• What the task asks
For this task, output exactly the lines of the material below starting at the line with "Royalty-Free (RF) Santa" and ending at the line with "Luxurious and elegant"; pictures are to be excluded.
═════ Data to examine
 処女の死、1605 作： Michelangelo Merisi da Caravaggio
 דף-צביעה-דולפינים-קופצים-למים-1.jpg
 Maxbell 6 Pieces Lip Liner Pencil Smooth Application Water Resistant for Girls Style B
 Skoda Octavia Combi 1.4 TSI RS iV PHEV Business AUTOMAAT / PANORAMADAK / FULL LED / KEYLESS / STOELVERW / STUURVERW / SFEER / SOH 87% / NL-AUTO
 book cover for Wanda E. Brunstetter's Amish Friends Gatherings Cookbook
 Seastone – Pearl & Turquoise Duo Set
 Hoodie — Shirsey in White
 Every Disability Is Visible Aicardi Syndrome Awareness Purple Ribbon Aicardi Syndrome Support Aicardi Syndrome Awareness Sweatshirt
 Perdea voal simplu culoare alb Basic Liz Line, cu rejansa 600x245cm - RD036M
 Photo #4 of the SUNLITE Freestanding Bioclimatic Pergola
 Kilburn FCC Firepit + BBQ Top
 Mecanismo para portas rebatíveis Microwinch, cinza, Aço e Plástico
══════════
═════ Data to examine
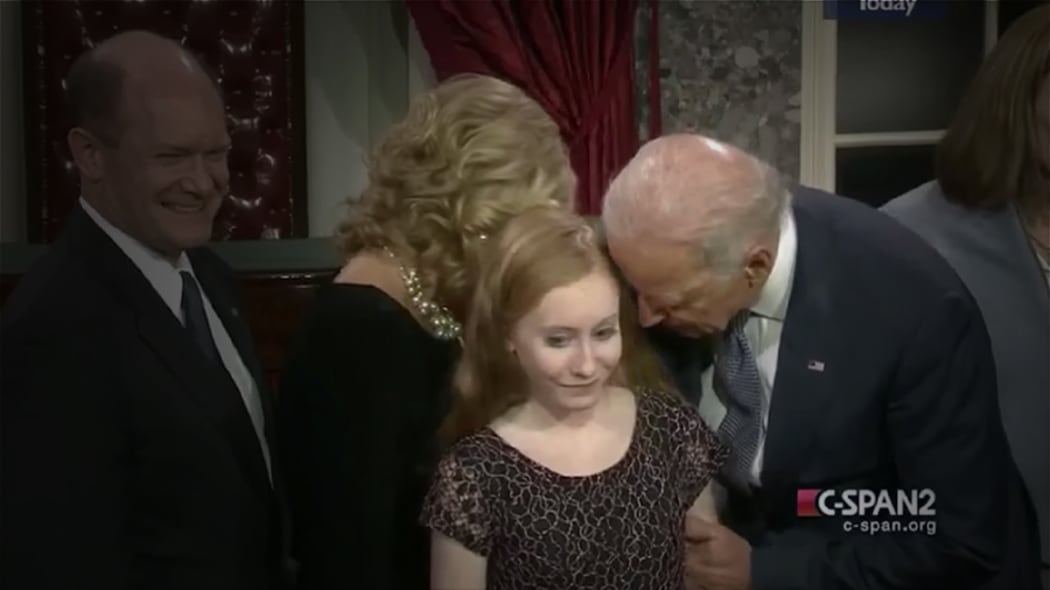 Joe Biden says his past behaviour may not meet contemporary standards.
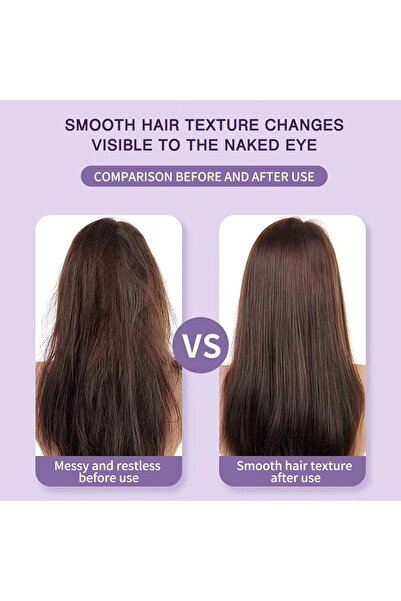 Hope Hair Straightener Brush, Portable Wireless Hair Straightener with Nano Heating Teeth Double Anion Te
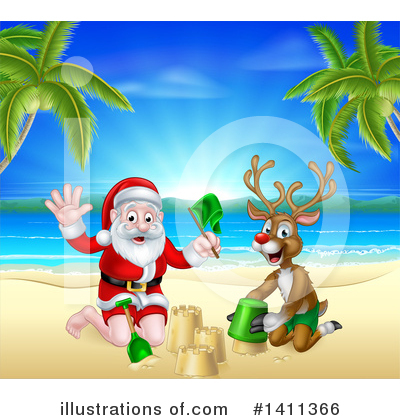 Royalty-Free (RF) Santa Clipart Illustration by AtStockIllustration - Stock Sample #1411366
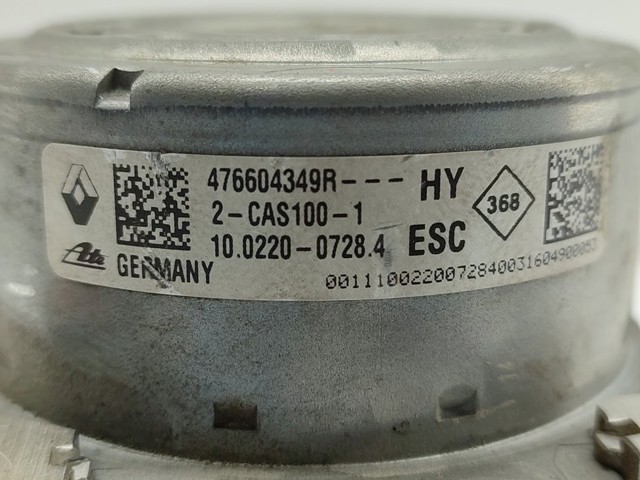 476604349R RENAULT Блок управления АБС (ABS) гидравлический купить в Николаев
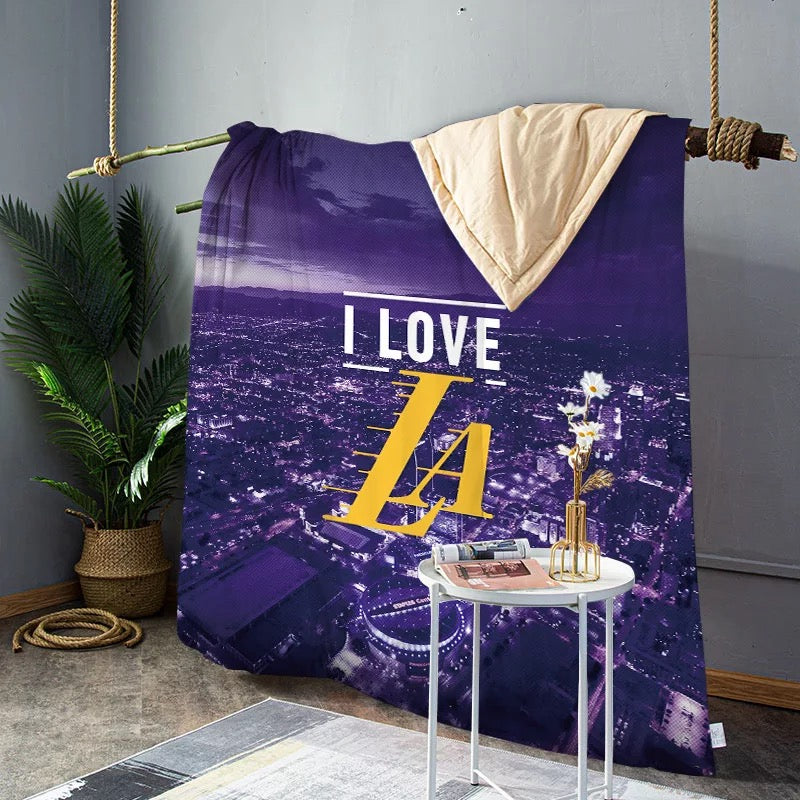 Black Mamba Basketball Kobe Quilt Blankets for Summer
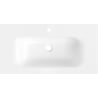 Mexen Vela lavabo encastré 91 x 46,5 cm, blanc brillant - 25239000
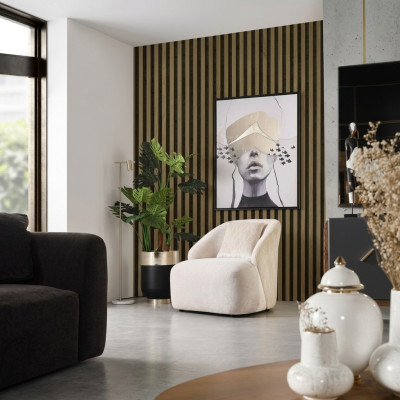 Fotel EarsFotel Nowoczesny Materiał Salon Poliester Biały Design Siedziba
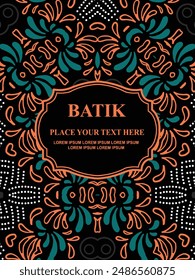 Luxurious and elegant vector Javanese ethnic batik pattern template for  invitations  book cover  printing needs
══════════
═════ Data to examine
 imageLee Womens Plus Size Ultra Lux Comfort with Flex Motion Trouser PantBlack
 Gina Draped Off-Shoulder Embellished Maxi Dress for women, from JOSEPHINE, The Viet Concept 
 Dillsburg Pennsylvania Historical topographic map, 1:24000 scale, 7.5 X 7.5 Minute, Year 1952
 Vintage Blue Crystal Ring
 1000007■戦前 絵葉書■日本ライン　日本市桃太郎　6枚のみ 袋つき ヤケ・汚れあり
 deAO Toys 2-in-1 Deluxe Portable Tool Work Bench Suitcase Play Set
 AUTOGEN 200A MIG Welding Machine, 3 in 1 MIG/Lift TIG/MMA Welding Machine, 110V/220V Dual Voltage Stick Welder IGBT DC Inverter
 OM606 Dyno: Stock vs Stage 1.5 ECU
══════════
• Worked solution
 Royalty-Free (RF) Santa Clipart Illustration by AtStockIllustration - Stock Sample #1411366
 476604349R RENAULT Блок управления АБС (ABS) гидравлический купить в Николаев
 Black Mamba Basketball Kobe Quilt Blankets for Summer
 Mexen Vela lavabo encastré 91 x 46,5 cm, blanc brillant - 25239000
 Fotel EarsFotel Nowoczesny Materiał Salon Poliester Biały Design Siedziba
 Luxurious and elegant vector Javanese ethnic batik pattern template for  invitations  book cover  printing needs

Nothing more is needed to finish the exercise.